A hipótese somente reforça a fragilidade dos motivos determinantes para o veto, de que a exigência de requisitos para a violação das correspondências “agravará a crise no sistema penitenciário do país, impactando negativamente o sistema de segurança e a gestão dos presídios”, e também da falácia sustentada durante o breve debate no Congresso Nacional sobre o veto, de que a lei conferiria “salvo conduto à criminosos" e de que "a lei não favorece o cidadão de bem. Só favorece as facções criminosas". 

Violar correspondências cujo teor é propriamente de amor, solidariedade, empoderamento, conforto etc., não agrava a crise do sistema penitenciário. A crise do sistema penitenciário quem o faz é próprio Estado a partir de sua necropolítica, seletividade penal e pela necessidade de controle dos corpos. 

Sob o prisma defendido no veto, de que a crise no sistema penitenciário é impulsionada por motins, violências internas e pela existência de facções criminosas no sistema penitenciário, a criação imaginária igualmente não subsiste, pois as correspondências afetivas minimizam sentimentos decorrentes dos constantes abusos estatais e da precariedade percebidas no sistema penitenciário, já classificado com um: 

“quadro de superlotação [...] estrutural e sistêmica. Estrutural porque a superlotação se tornou, ao menos nas últimas décadas, a tônica de nosso sistema, evidenciando seu mau funcionamento crônico. [...] Sistêmica porque a superlotação no Brasil jamais foi pontual ou local, mas sim espraiada por todos os Estados da Federação”.  

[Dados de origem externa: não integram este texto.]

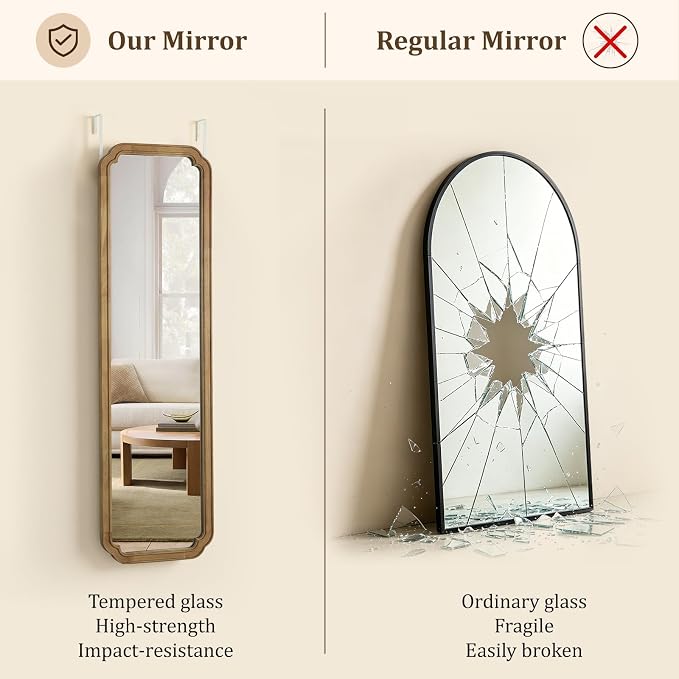 WallBeyond Full Length Door Mirror 14" x 48", Wood Frame Over-the-Door Mirror - Image 7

Ademais, ainda a partir da hipótese recortada, violar a correspondências afetivas encaminhadas por pessoas sensíveis à situação das mulheres presas, seja a partir de sua leitura indiscriminada, seja por sua retenção, impedindo-a de chegar à sua destinatária, em nada favorece as facções criminosas ou confere salvo conduto a criminosos, mas tão somente conforta a pessoas presas e dá um mínimo da atenção e assistência que incumbiria ao negligente Estado. 

Nota-se, mais uma vez, que a medida tomada como regra, de que todas as correspondências dirigidas às pessoas presas possuem conteúdo criminoso, voltado às pessoas faccionadas e visando a manutenção das organizações criminosas, é uma verdadeira exceção. Logo, mais uma vez afirma-se que somente a partir de critérios e requisitos poder-se-iam violar as correspondências das pessoas presas. 

A partir do método hipotético-dedutivo, portanto, percebe-se que o desate à hipótese levantada não poderia ser pior. Pessoas sensibilizadas com a vida de mulheres trans presas que enviarem suas cartas, antes de chegarem à destinatária, terão suas cartas afetivas lidas por funcionários públicos do departamento penitenciário, isso se não forem retidas e destruídas. 

A depender do teor da carta, aliás, será possível instaurar investigação criminal para apurar eventual ocorrência de crime. 

Finalmente, necessário esclarecer que não se pretende impedir, frear ou coibir a disseminação de afeto às pessoas presas, muito pelo contrário, mas também alertar sobre a probabilidade de o conteúdo da correspondência ser lido e registrado, em visível ofensa desmedida e desregrada à intimidade.